Comment la Biodanza est-elle née ?
- Les personnes disent que j’ai inventé la Biodanza, mais en vérité je l’ai découverte. En travaillant en anthropologie médicale à l’école de médecine, j’avais entre autre pour tâche d’étudier le monde des malades mentaux. J’ai alors vu que les patients avaient tout quitté : leur liberté, leur capacité d’entrer en lien, pour avoir de l’amour, du sexe, pour travailler, pour créer. Cela veut dire qu’ils avaient enterré leur vie. J’ai alors pensé faire une fête pour que ces personnes se sentent moins tristes. J’ai organisé l’événement en invitant les familles, les étudiants en médecine, les infirmières, les paramédicaux, certains médecins et, bien sûr les patients eux-mêmes. A leur arrivée, j’a vu un changement : bien habillés, peignés, très corrects, comme s’ils étaient normaux, parce qu’il y avait une réunion sociale. J’ai alors commencé à mettre de la musique en les invitant à danser et j’ai découvert que certaines musiques étaient meilleures que d’autres pour produire des changements. Les délires et les hallucinations diminuaient, j’ai noté une augmentation de la communication et une plus grande gentillesse les uns pour les autres. J’ai alors commencé à choisir des musiques qui faisaient du bien aux malades et j’en ai découvert d’autres qui leur faisaient du mal, comme les musiques tranquillisantes qui produisaient un effet régressif, qui induisaient la psychose. J’ai ainsi commencé à faire un modèle théorique. J’ai eu un très bon accueil en psychiatrie où tous ont vu le miracle que cela produisait.

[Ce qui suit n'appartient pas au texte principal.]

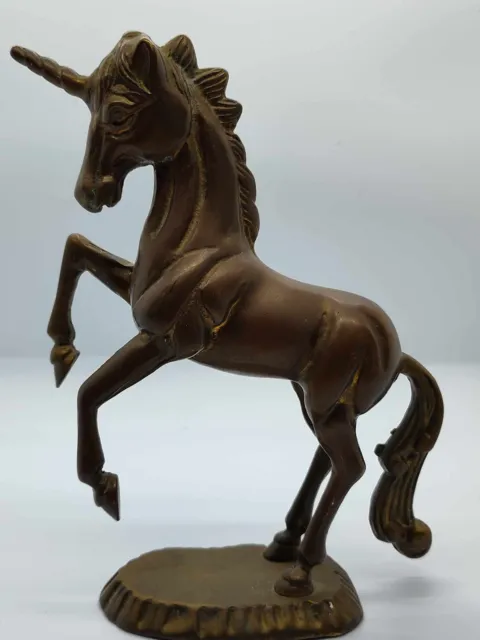 Vintage Heavy SOLID BRASS Unicorn, Horse Statue / Figure Excellent Cond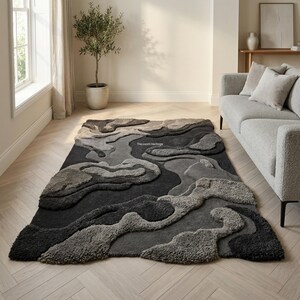 3D Abstract Rug | Sculptural Texture Area Neutral Grey & Black Teppich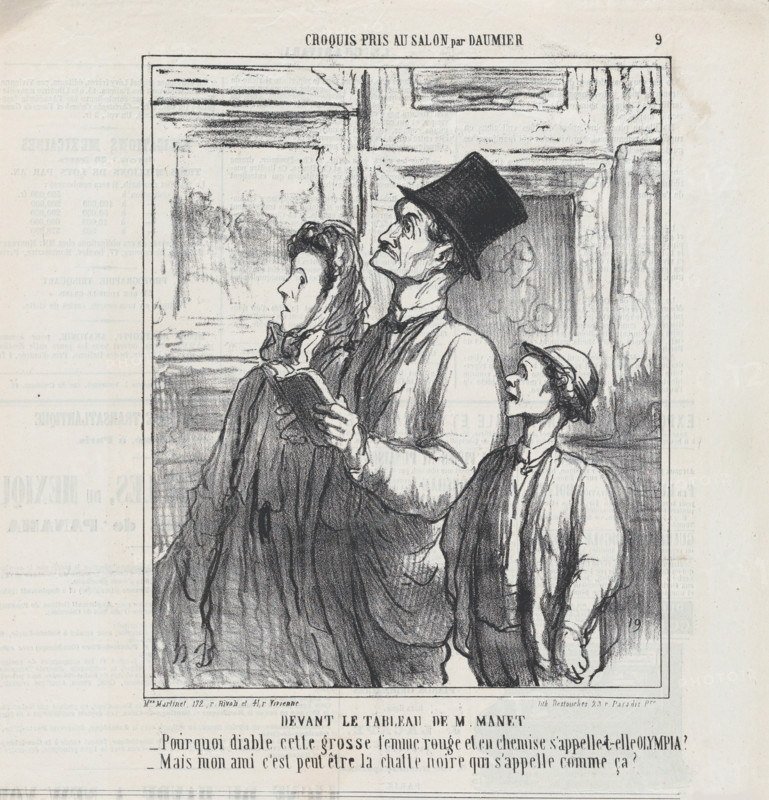 Looking at a Manet painting, from "Sketches from the Salon". Le Charivari, June 19, 1865 Creator: Honore Daumier.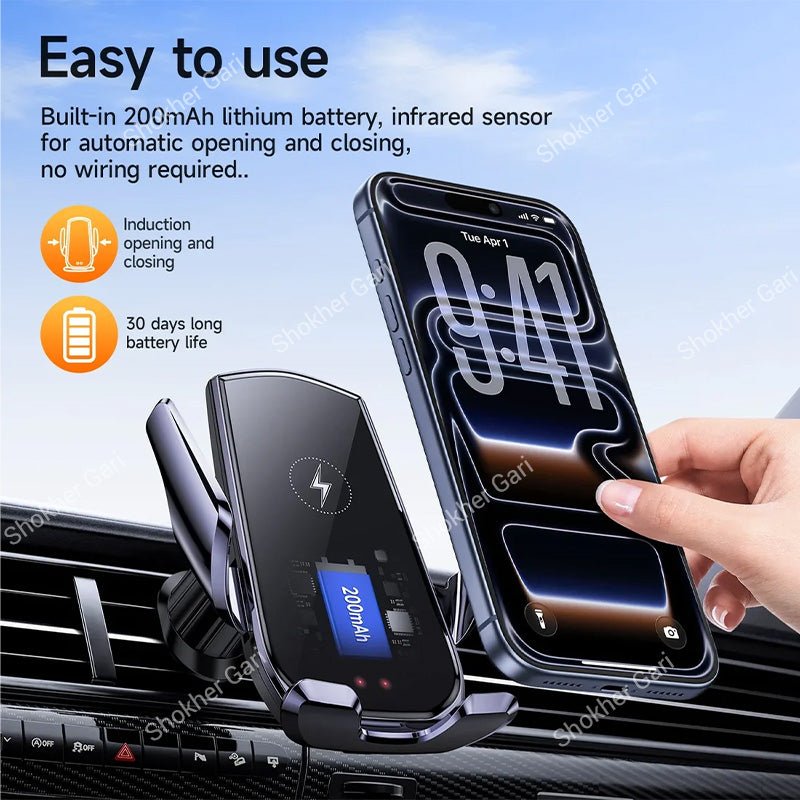 Car HOCO CA202 Plus 15W Smart Wireless Charging Phone Holder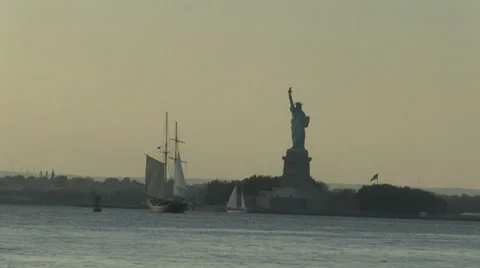 Old sailing ship and Statue of Liberty Stock Footage 31741934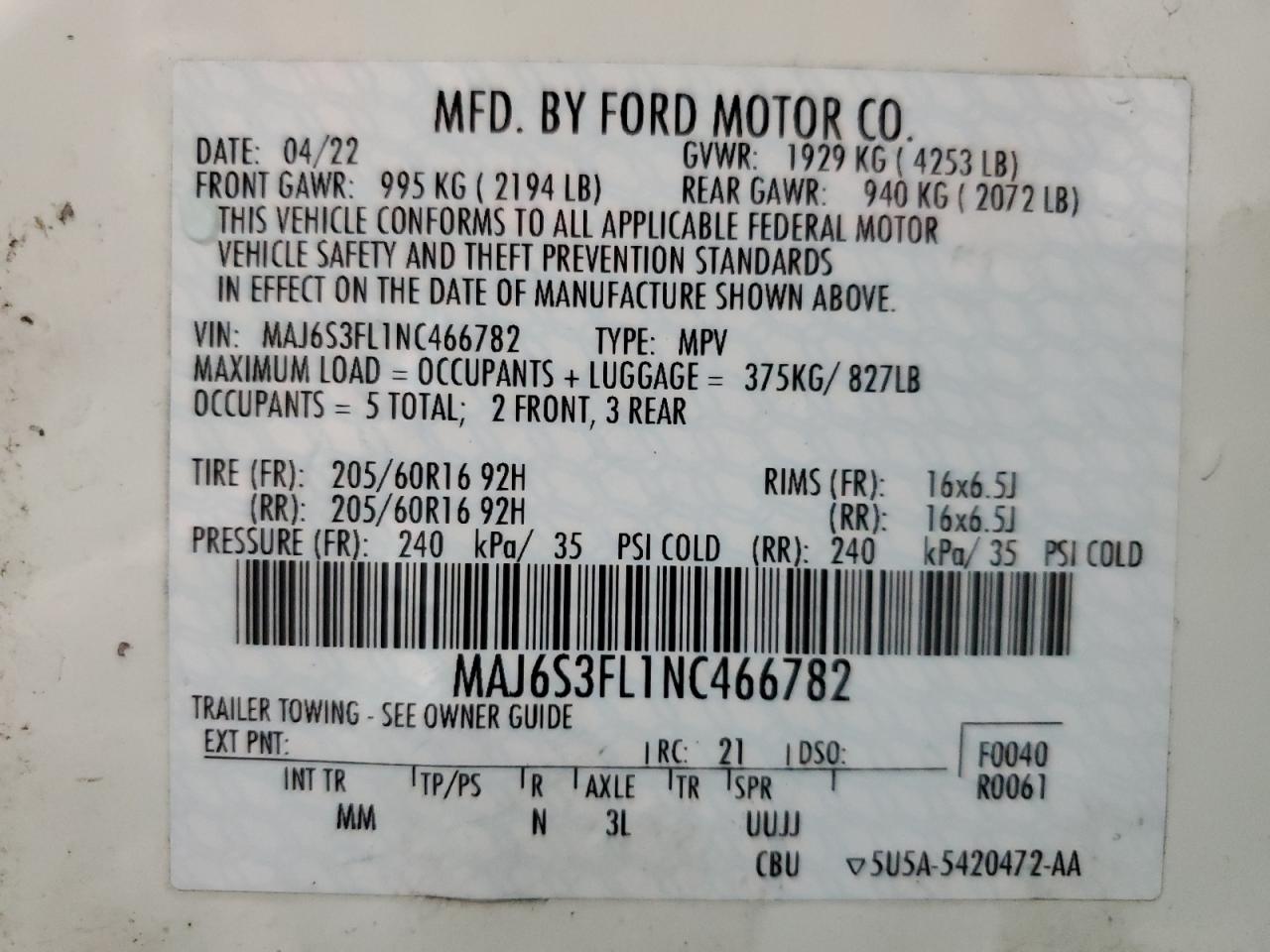 2022 Ford Ecosport S VIN: MAJ6S3FL1NC466782 Lot: 95549035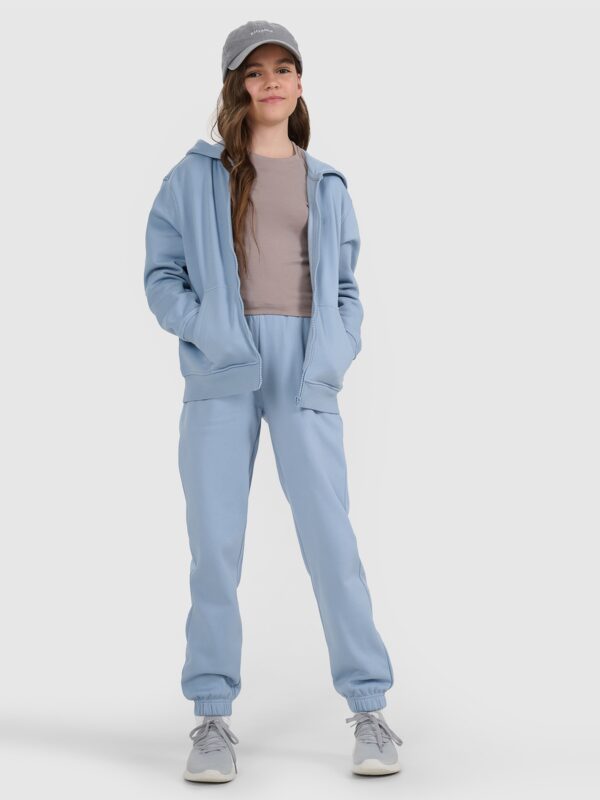 ac9cb504cbb5cc2d7ae9741158133858b70ba4f0 4F Bluza dresowa rozpinana z kapturem dziewczęca - niebieska 164 (13-14 lat)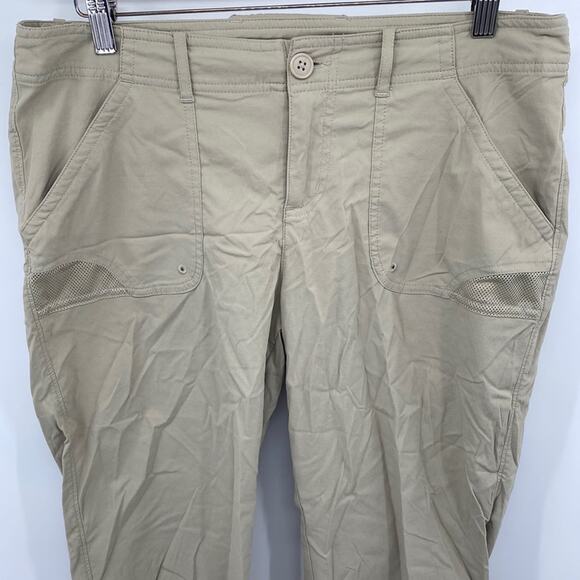 COLUMBIA PFG Khaki Cropped Outdoor Camping Fishing Pants Size 10 Inseam 20" - Picture 2 of 7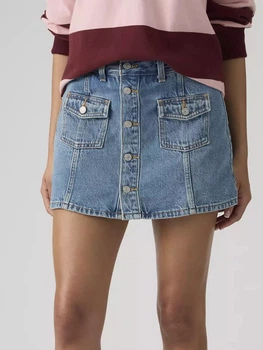 Спідниця джинсова міні літня жіноча Levi`s Button Front Skort 005NA-0000 29 Блакитна (5401187796826)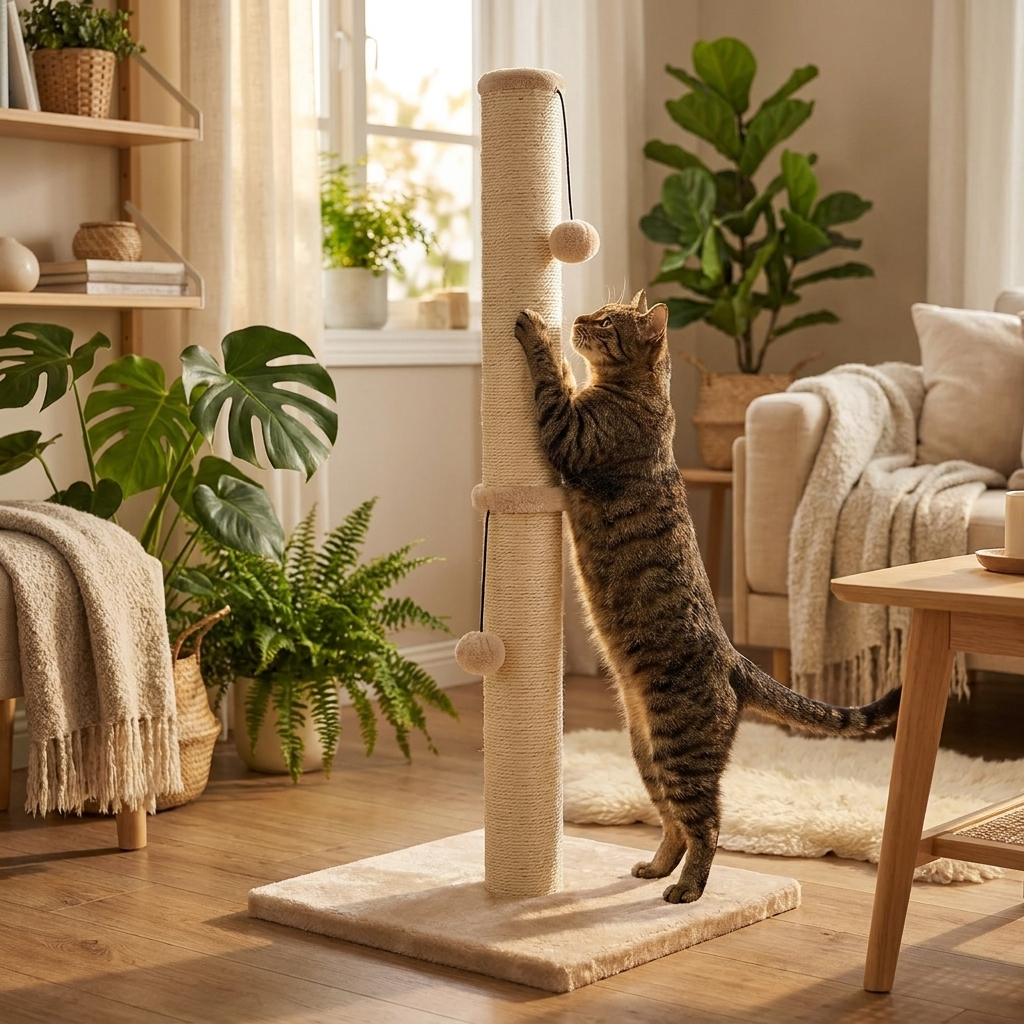 Tabby cat stretched tall scratching the sisal post in warm living room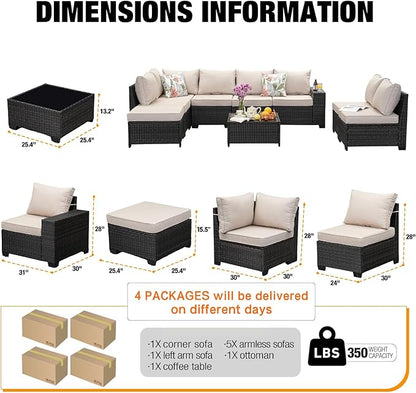 9 Pieces Patio Furniture Set All-Weather Outdoor Wicker Sectional Conversation Sofa Rattan Patio Seating Sofa with Cushion and Glass Table and Ottoman for Porch Poolside,Beige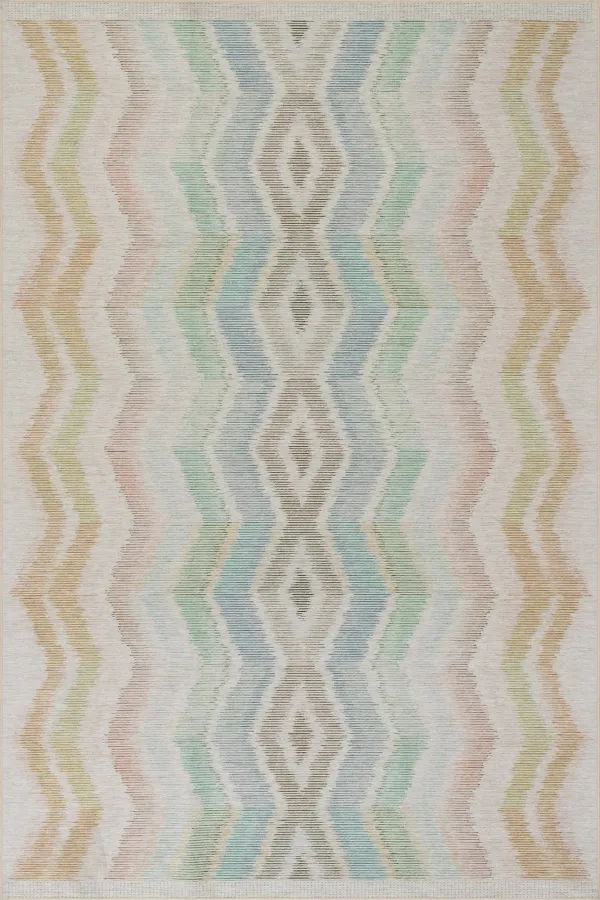 Zarek Novelty Chevron Machine Washable Rug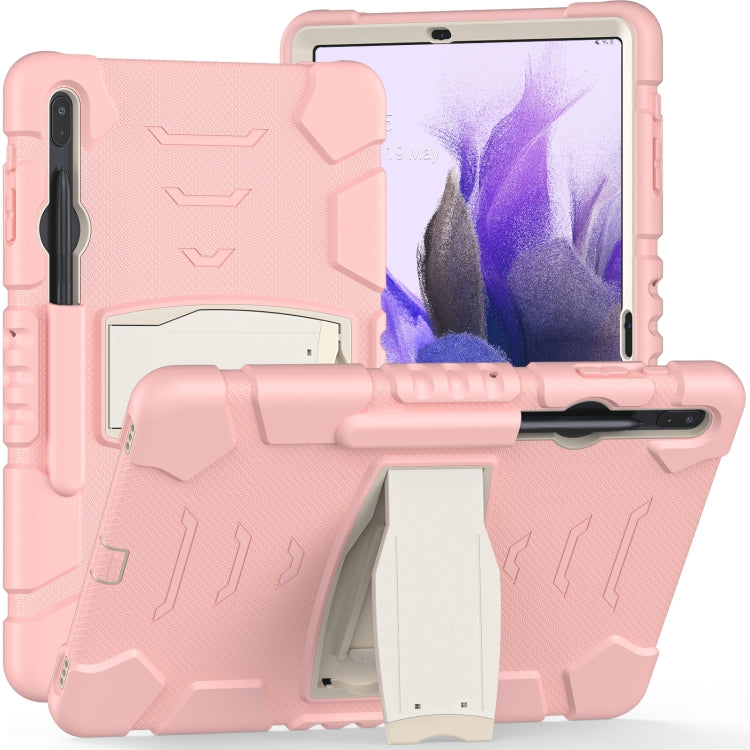 For Samsung Galaxy Tab S7+/ Tab S7 FE / Tab S8+ 3-Layer Protection Screen Frame + PC + Silicone Combination Case with Holder(Cherry Blossoms Pink)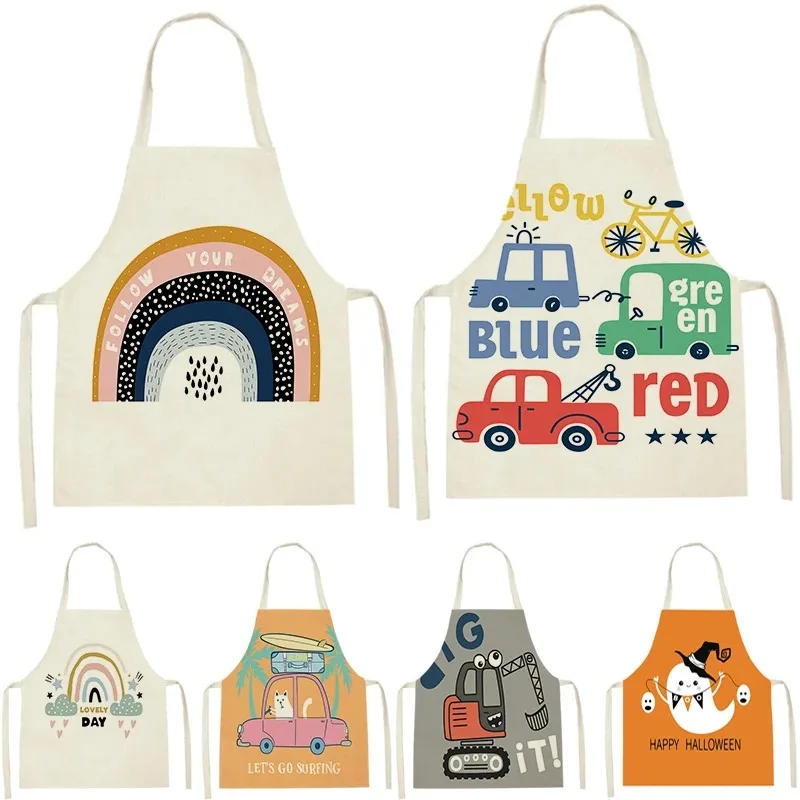 Delantal de protección solar con dibujos animados para niños, accesorio antiincrustante para limpieza del hogar, estampado de arcoíris para coche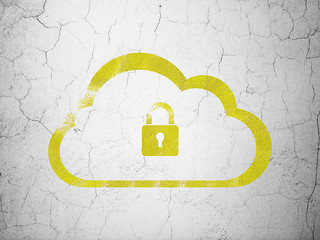 Image showing Cloud computing concept: Cloud With Padlock on wall background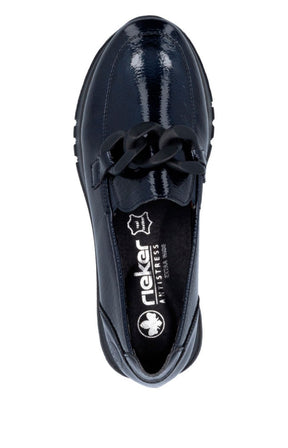 Rieker Leather Loafer in Navy 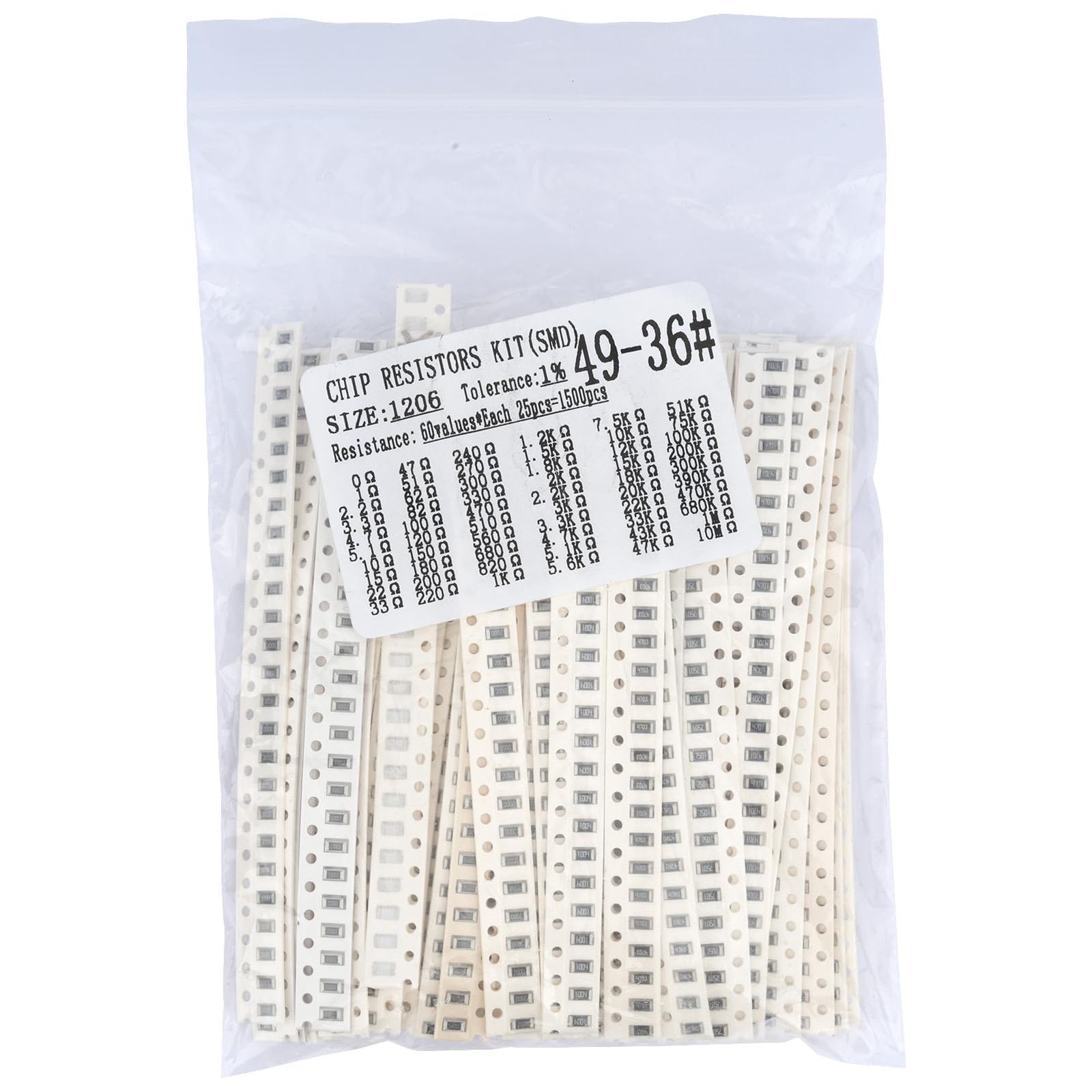 MTDELE 1500Pcs 60 Values 1206 SMD Resistor Kit Chip 0-10MΩ 1/4W 0.25W ±1%…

Maladies de la civilisation
« L’être humain est né avec la peur. Mais son évolution consiste justement à augmenter sa perception et sa conscience. Il faut donner de l’amour, donner de l’amour et donner de l’amour. Et la te vient l’amour en retour. Si tu attends qu’on t’aime et tu ne donnes pas d’amour, il ne se passe rien. La première chose est d’apprendre à vivre. Le langage des gestes est archaïque. C’est un ensemble évanescent de matrices archétypiques. Le sourire, par exemple, est le plus vieux réflexe psychosocial. Il apparaît chez l’enfant autour de trois mois de vie… les peuples se différencient par le sourire… Il y a tant de villes avec des habitants qui ont un visage d’animaux tristes ! – réfléchit Toro -. La personne qui n’est pas caressée déprime. Les études sur l’attachement le démontrent. Parfois on se demande : Mais comment vais-je améliorer ma vie en dansant avec des étrangers ? Pourtant c’est une opportunité protégée de guérison. C’est très compliqué d’apprendre l’essence de la vie de façon spontanée parce que la culture te donne des paramètres inhumains : gagner de l’argent, faire attention à l’amour, avoir des projets minuscules et, tout d’abord, t’aider toi-même… tu ne peux avoir des projets basés sur le fait d’être une aide pour les autres. Ainsi la vie chemine et devient chaque jour plus flétrie. C’est finalement une existence frustrée. Le concept de triomphe, de succès est totalement faussé. Et la réponse naturelle est le stress, la dépression, le désamour. Ce sont les maladies de la civilisation ».